As ShelLuser has implied, I think you are confused about the difference between ports and packages. Packages are made from ports so moving from one to another is not an "upgrade". There is a delay while a port is being packaged but, other than that, they are the same thing. You need to spend some time with the Handbook and read up on that.


----------



## SirDice (Apr 3, 2018)

linux->bsd said:


> I also get the impression that dependency ports aren't converted using `pkg upgrade`, since I don't see things like devel/llvm40 get upgraded during `pkg upgrade`.

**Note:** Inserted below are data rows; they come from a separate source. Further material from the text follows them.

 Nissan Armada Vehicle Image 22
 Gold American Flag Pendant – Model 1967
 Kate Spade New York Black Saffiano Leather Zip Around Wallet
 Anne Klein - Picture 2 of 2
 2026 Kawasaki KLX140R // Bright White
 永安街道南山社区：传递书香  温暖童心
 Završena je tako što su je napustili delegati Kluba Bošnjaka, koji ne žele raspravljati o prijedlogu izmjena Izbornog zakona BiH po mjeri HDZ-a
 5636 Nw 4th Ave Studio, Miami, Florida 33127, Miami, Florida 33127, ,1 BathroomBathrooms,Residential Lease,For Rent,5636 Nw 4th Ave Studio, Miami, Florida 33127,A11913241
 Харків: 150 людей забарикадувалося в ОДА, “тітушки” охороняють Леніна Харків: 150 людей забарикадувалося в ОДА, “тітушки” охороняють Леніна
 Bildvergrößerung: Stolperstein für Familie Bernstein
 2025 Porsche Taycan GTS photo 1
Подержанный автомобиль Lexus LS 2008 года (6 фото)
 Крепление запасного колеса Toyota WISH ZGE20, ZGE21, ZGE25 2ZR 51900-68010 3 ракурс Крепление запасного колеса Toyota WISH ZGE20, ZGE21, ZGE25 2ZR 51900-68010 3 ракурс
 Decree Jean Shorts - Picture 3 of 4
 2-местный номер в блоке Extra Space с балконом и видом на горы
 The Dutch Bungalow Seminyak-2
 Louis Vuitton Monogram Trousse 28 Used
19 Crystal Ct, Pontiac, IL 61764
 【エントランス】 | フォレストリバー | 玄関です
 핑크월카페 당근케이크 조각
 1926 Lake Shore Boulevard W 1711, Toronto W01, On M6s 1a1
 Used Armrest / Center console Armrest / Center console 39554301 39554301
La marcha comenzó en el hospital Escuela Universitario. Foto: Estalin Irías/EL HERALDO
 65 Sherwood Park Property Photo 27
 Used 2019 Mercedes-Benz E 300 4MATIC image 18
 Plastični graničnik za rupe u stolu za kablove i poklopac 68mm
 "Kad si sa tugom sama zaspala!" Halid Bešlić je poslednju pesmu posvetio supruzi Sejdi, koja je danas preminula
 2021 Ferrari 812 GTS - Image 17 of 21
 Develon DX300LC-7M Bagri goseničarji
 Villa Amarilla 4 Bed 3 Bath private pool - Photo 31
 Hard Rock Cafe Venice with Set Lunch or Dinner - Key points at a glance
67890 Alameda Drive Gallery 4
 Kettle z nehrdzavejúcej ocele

There are _build_, _run_ and _library_ dependencies. _Build_ dependencies are only needed to _build_ ports. Packages don't need _build_ dependencies because they're already built.


----------



## linux->bsd (May 17, 2018)

Been a while since I posted this thread and finally had a chance to check the replies. Most of what was posted was obvious stuff that I already knew and appears to have been borne out of a misreading of my OP, but they might be helpful for future readers, so might still prove useful.

As to the reason I was using portmaster to update the two or three ports I didn't convert to packages, it should be able to handle those without trampling on the packages or choking on itself, but it doesn't. Converting the rest to packages using `pkg upgrade` works fine.

Looks like I'll be doing something along these lines: https://forums.freebsd.org/threads/pkg-and-options-changed.65535/

Thanks.


----------



## ShelLuser (May 17, 2018)

linux->bsd said:


> Most of what was posted was obvious stuff that I already knew and appears to have been borne out of a misreading of my OP,


I suggest we agree to disagree because that is not what I am reading up there.  To a certain degree...  I do recognize that I focused on Portmaster.

Nothing which a late response can't fix:

`# pkg upgrade -f`

This will (re)install everything as binary packages. Anything beyond that is up to you.



linux->bsd said:


> As to the reason I was using portmaster to update the two or three ports I didn't convert to packages, it should be able to handle those without trampling on the packages or choking on itself, but it doesn't.


This shows me that your previous comments don't hold up: apparently you do not know how this stuff works despite your claims here.

I'd like to suggest this read:

https://forums.freebsd.org/threads/guide-about-ports-and-binary-packages.62126/

It explains why the above came to be. Not in direct wording, but if you follow along the concept...


----------



## linux->bsd (May 29, 2018)

ShelLuser said:


> Nothing which a late response can't fix:



But that just shows you didn't read the OP (or not closely enough), because as I stated I already converted to packages -- and guess which method I used.

The only part I wasn't aware of is that portmaster will try to update all installed ports and packages. Which I should have realized considering the hoops one has to jump through to determine if an application was installed via ports or pkg.

But as I said in my last reply, that link I posted has the information (toward its end) that I'll use to reconfigure my setup: all packages, with the exception of two ports whose default configurations don't work for me, and those I'll update manually via the make system.


----------



## SirDice (May 29, 2018)

linux->bsd said:


> because as I stated I already converted to packages


One thing you fail to realize is that once installed _everything_ is a package, even the things you built from ports. Ports build packages and it's these packages that eventually get installed.


----------



## linux->bsd (Oct 20, 2018)

SirDice said:


> One thing you fail to realize is that once installed _everything_ is a package, even the things you built from ports. Ports build packages and it's these packages that eventually get installed.



Great. That's the piece of the puzzle that I was missing, and it makes ShelLuser's confusion about my comments make sense. Thanks.

October 31st is fast approaching, so time to roll out my own repo and upgrade.


----------